Monumentalne dzieła Krzysztofa Pendereckiego uświetniły 90. rocznicę Jego urodzin. W finale V Międzynarodowego Festiwalu Muzyki Europy Środkowo-Wschodniej Eufonie w największym warszawskim kościele Wszystkich Świętych zostały wykonane obie Jutrznie (25 listopada 2023), a Festiwal Krzysztofa Pendereckiego, organizowany przez Stowarzyszenie im. Ludwiga van Beethovena, zwieńczyło Credo wykonane następnego dnia w Teatrze Wielkim – Operze Narodowej. (Dokładna rocznica urodzin przypada 23 listopada).
Jutrznie
Jutrznia I. Złożenie Chrystusa do grobu i Jutrznia II. Zmartwychwstanie, choć w zamierzeniu kompozytora stanowią integralną całość, ich łączne wykonanie jest nie lada wyzwaniem dla organizatorów koncertów. Nie tylko artystycznym, również logistycznym. Wymagają bowiem ogromnego tzw. aparatu wykonawczego, a co za tym idzie, również odpowiednich rozmiarów miejsca prezentacji. Poprzednie wykonanie obu Jutrzni podczas jednego koncertu odbyło się pół wieku temu!
W moim odczuciu, wykonanie wypadło znakomicie. Oprócz kunsztu wykonawców, dobremu odbiorowi sprzyjał nastrój świątyni. Wprawdzie katolickiej, a nie prawosławnej, ale to miało już drugorzędne znaczenie. Ważniejsze było to, że dzieło sakralne brzmiało w autentycznym miejscu kultu religijnego.
Jeśli chodzi o śpiewaków solistów: Bożena Bujnicka – sopran, Agnieszka Rehlis – mezzosopran, Rafał Bartmiński – tenor, Tomasz Konieczny – baryton, Volodymyr Tyshkov (Wołodymyr Tyszkow) – basso profondo; kibicowałam Rafałowi Bartmińskiemu, który wyznał przed koncertem, że będzie to dla niego najtrudniejsza partia tenorowa, jaką kiedykolwiek wykonywał. Kompozytor napisał bowiem dla tenora tak wysokie dźwięki, że będzie musiał – jak się wyraził – „wejść w buty kota tenora”. Mam nadzieję, że Rafał Bartmiński nie będzie miał mi za złe, że obwieszczam wysiłek, który widziałam na jego twarzy, ale dał radę!

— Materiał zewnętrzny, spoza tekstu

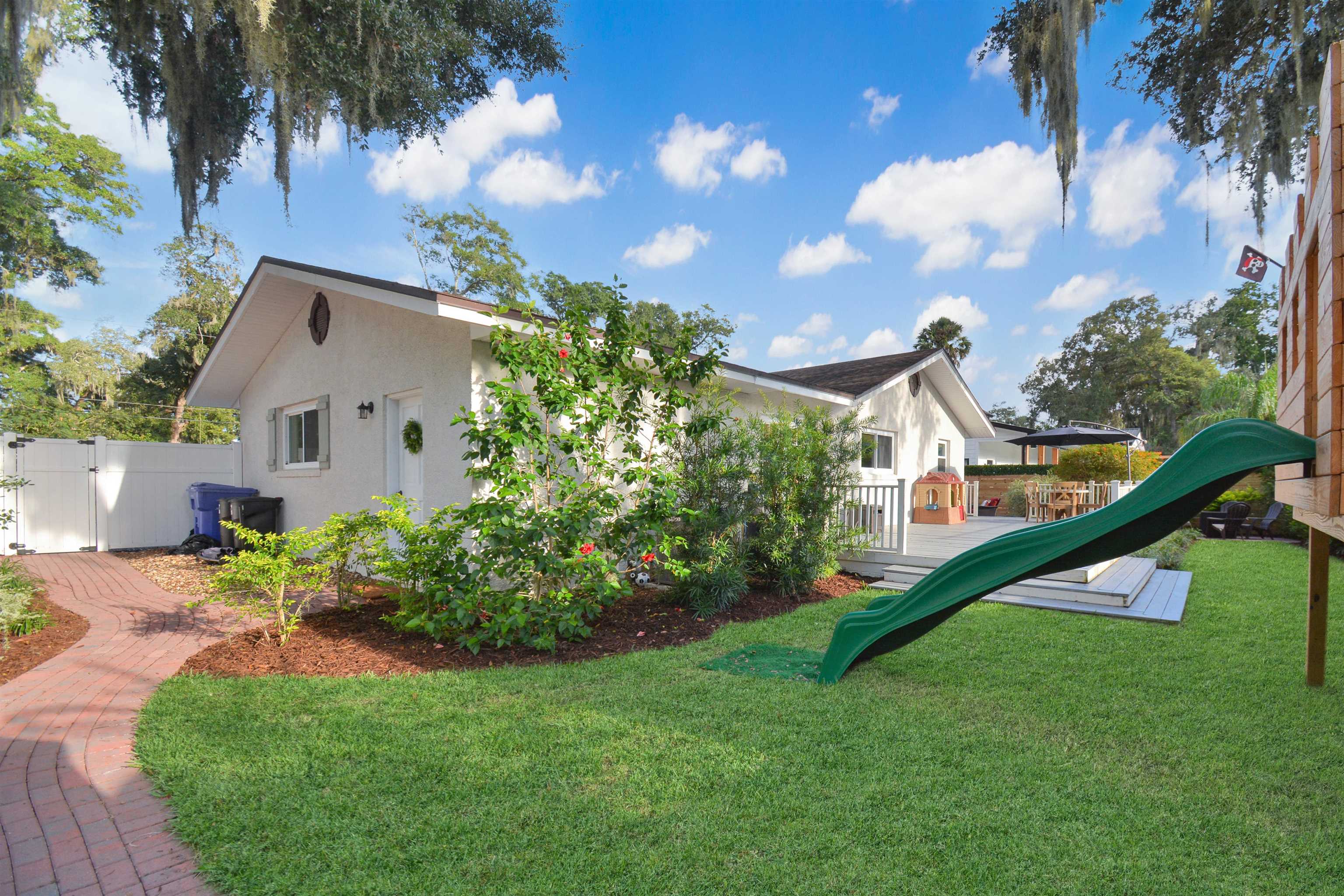 156 Egret Road St. Augustine, FL 32086 - Photo 30 of 44 a front view of a house with a yard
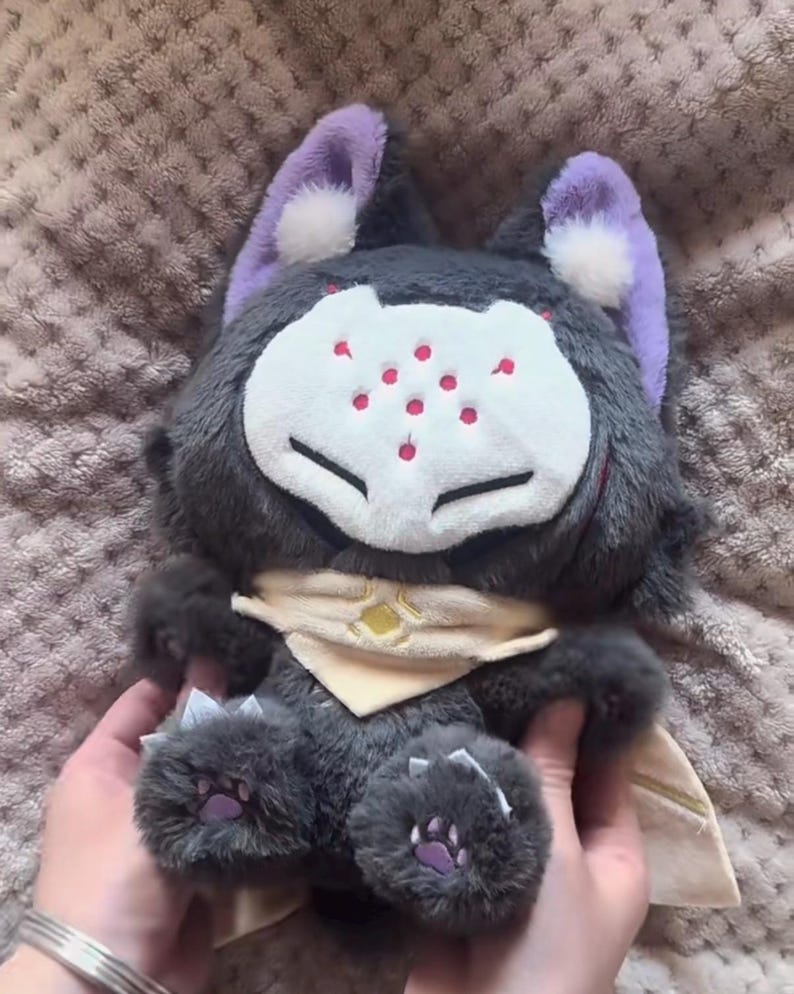 May include: A plush toy featuring a stylized creature with gray fur, purple ears, and a white face with red spots. It has a tan scarf and clawed feet with purple paw pads. The toy is soft and cuddly.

Pięknie brzmiały głosy Tomasza Koniecznego i Volodymyra Tyshkova, podających teksty kapłana i lektora. Według mnie, bardzo dobrze dobrane do tych ról.
Wykonanie poprowadził węgierski dyrygent Zsolt Nagy. Festiwal Eufonie gromadzi bowiem wybitnych artystów wyłącznie z krajów Europy Środkowo-Wschodniej.
Credo
Kto był ciekaw (ja byłam w tym gronie), mógł już następnego dnia posłuchać Creda Krzysztofa Pendereckiego. Także monumentalnej kompozycji sakralnej. Do jej wykonania potrzeba też pięciorga śpiewaków solistów, chórów mieszanego i chłopięcego, orkiestry w tradycyjnym składzie i dodatkowego zespołu instrumentów dętych umieszczonego poza estradą.
Credo w sensie religijnym jest wyznaniem wiary, odmawianym lub śpiewanym podczas mszy świętej, zarówno w rycie katolickim, jak i w prawosławnym. Przyjęli je też anglikanie, luteranie i protestanci.
Krzysztof Penderecki został wychowany w wierze katolickiej, ale wzrastał w wielokulturowej, galicyjskiej Dębicy. Mało kto wie, że jego ojciec był wyznania greckokatolickiego, a babka miała ormiańskie korzenie. A trzeba wiedzieć, że Kościół ormiański ma trzy oblicza: apostolskie, katolickie i ewangelickie.
Nie jest tajemnicą, że Credo pisane na zamówienie Festiwalu Bachowskiego w stanie Oregon i Akademii Bachowskiej w Stuttgarcie powstało w duchu ekumenizmu. Penderecki czerpał z tradycji katolickiej, protestanckiej i prawosławnej, co wyraźnie słychać w tym utworze.